▶ **YOUR TASK**
Copy exactly, from the beginning of the material below, every line up to and including the one holding "NavePoint 18U Server", with the pictures left out.

▶ **TASK INPUTS**
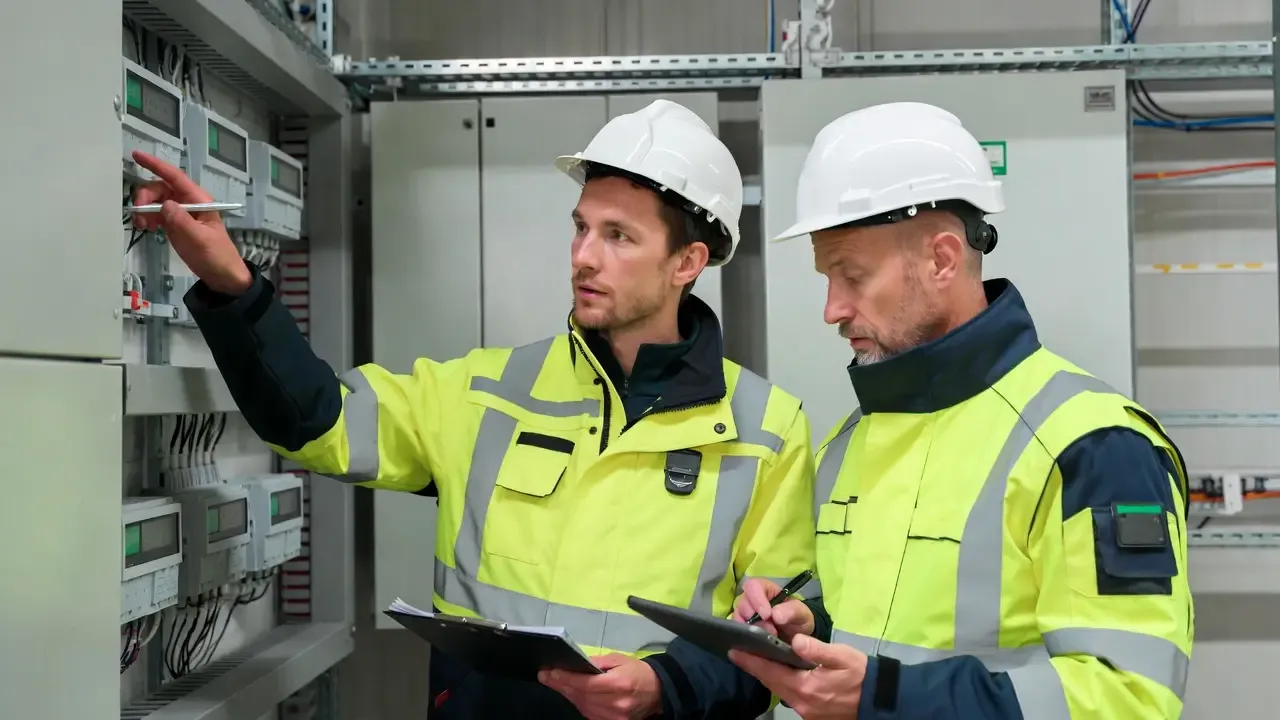 Twee keurmeesters van Keuringservice Noord inspecteren een verdeelkast
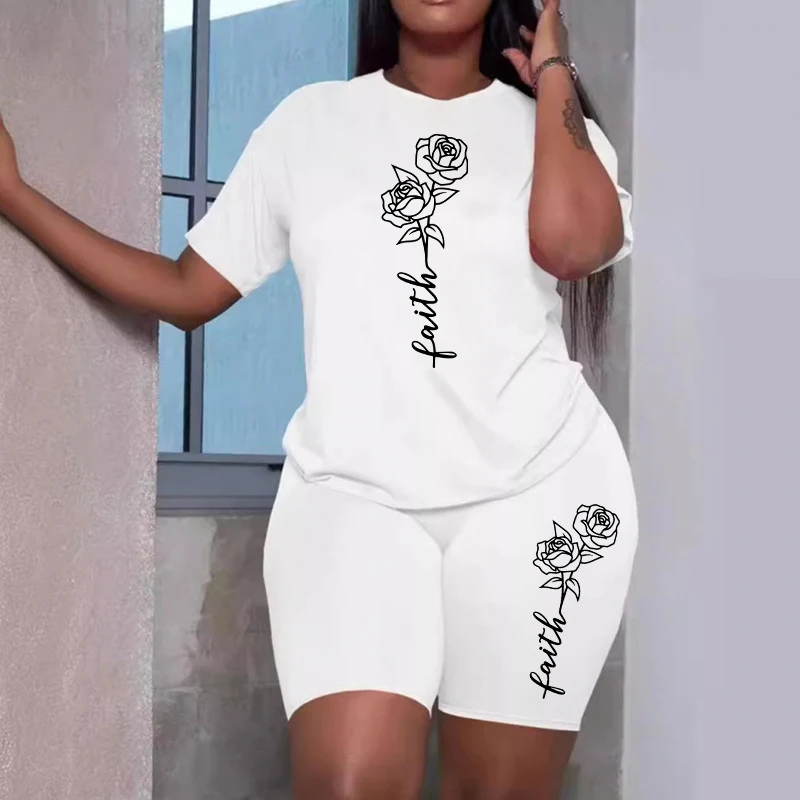 Faith Letter Printed Tracksuit - Home Gym Outfit ulasan dan harga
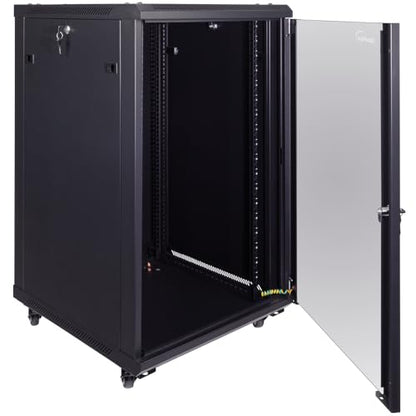 NavePoint 18U Server Cabinet Wall Mount Rack Enclosure with Caster Wheels, 2 Fans, Locking Glass Door, Removable Side Panels – 18U Network Cabinet 23.6” Deep, 19” Server Rack for IT Equipment - size: 18U - 600mm Depth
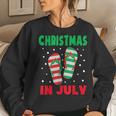 Christmas In July Flip Flops Funny Beach Summer Kids Toddler Women Crewneck Graphic Sweatshirt Gifts for Her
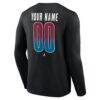 Colorado Avalanche Home Ice Pop Personalized Name & Number Long Sleeve T-Shirt - Black - Detail View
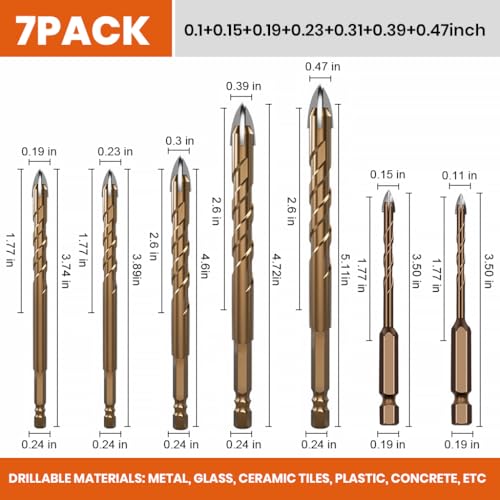 Image of Serplex 7pcs Drill Bit Set Alloy Steel Drill Bits 3mm to 12mm Hex Shank Drill Bits High Impact Power Drill Carbide Tips Concrete Drill Bit Set for Glass, Tile, Brick, Cement, Concrete, Plastic, Wood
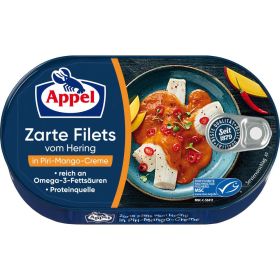 Zarte Heringfilets, Piri-Mango Creme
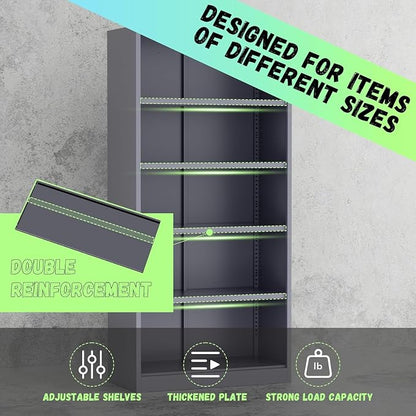 Bonusall 72" Metal Garage Storage Cabinet, 2 Locking Doors & 4 Adjustable Shelves Tall Storage, Heavy Duty Steel Tool Cabinet for Home, Office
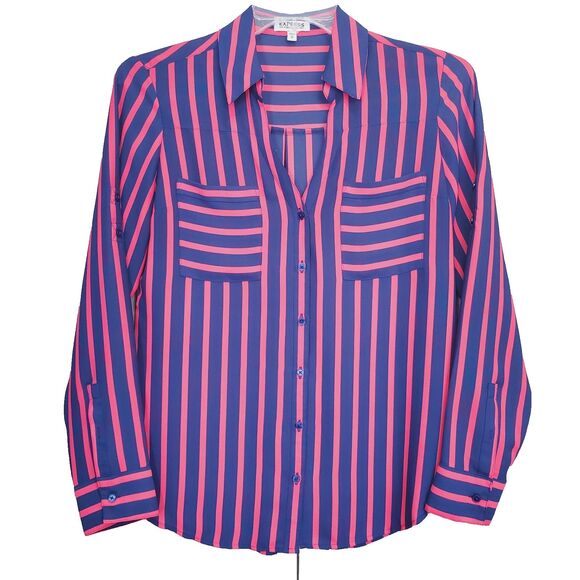 Express Portofino Blue & Red Striped Roll-Tab Sleeve Button-Up Shirt Size Medium - Picture 1 of 6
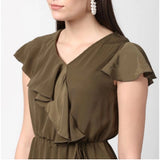 Olive polyester ruffled cap sleeve knee-length dress for women, vintage style with V neck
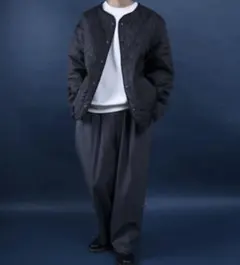 Quilting No Collar Blouson/キルティング ノーカラー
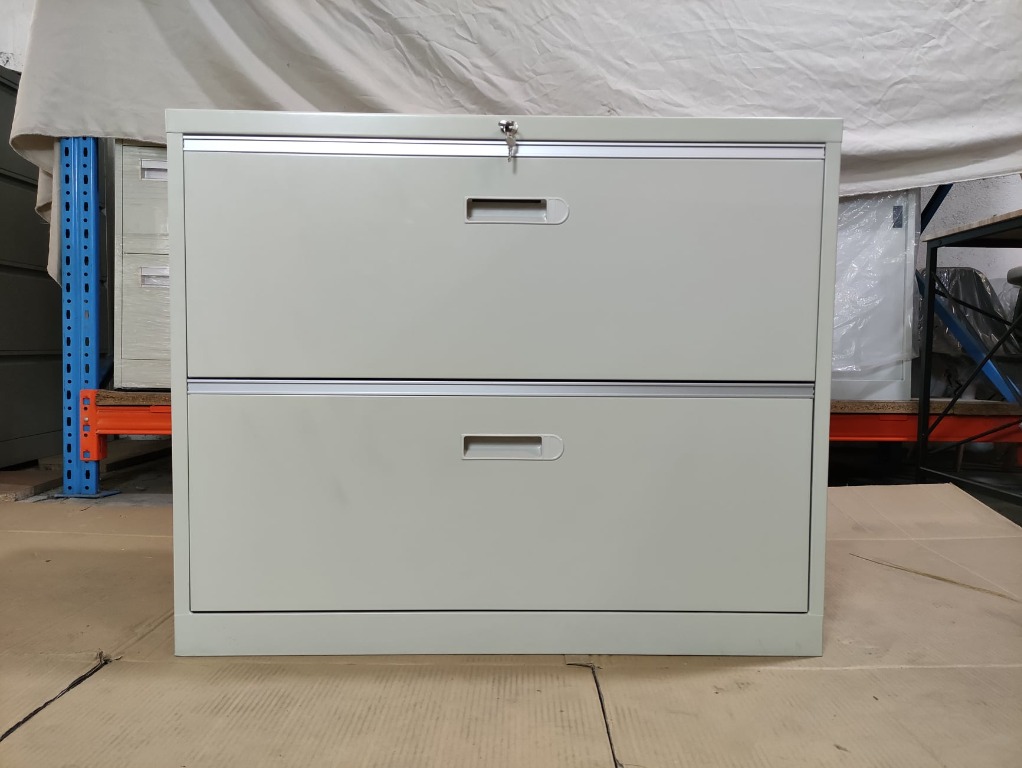 2 LAYER LATERAL FILING CABINET RECESSED HANDLE LIGHT GRAY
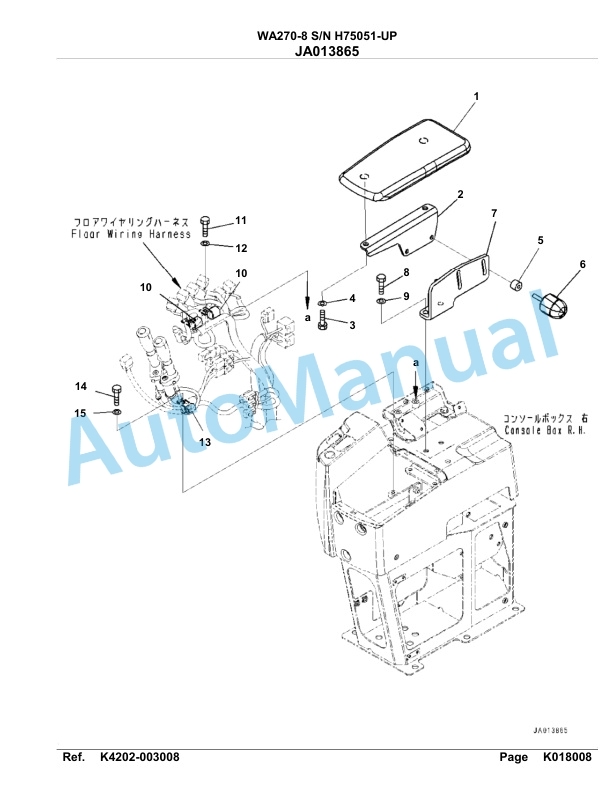 Komatsu WA270-8 Parts Manual WA00022H-5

▶ **ANSWER SPACE**
 Twee keurmeesters van Keuringservice Noord inspecteren een verdeelkast
 Faith Letter Printed Tracksuit - Home Gym Outfit ulasan dan harga
 NavePoint 18U Server Cabinet Wall Mount Rack Enclosure with Caster Wheels, 2 Fans, Locking Glass Door, Removable Side Panels – 18U Network Cabinet 23.6” Deep, 19” Server Rack for IT Equipment - size: 18U - 600mm Depth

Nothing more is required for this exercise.